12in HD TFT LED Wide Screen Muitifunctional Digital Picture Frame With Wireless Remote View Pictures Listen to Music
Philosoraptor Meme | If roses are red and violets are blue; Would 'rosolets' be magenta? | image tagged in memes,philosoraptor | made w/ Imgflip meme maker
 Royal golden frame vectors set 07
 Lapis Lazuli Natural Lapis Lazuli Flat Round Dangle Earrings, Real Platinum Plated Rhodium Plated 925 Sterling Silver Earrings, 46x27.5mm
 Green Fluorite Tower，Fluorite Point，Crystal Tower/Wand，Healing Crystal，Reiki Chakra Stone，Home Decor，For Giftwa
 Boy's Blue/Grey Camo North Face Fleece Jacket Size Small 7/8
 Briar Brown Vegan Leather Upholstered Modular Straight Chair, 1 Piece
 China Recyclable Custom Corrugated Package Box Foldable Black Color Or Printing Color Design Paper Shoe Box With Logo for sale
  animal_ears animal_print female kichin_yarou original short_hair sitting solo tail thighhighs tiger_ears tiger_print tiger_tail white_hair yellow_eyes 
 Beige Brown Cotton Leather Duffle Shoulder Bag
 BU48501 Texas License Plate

____________

WHAT YOU NEED TO DO: Please state how many lines in the entries include the string "With", giving no more than the number.

WRITTEN RESPONSE: 2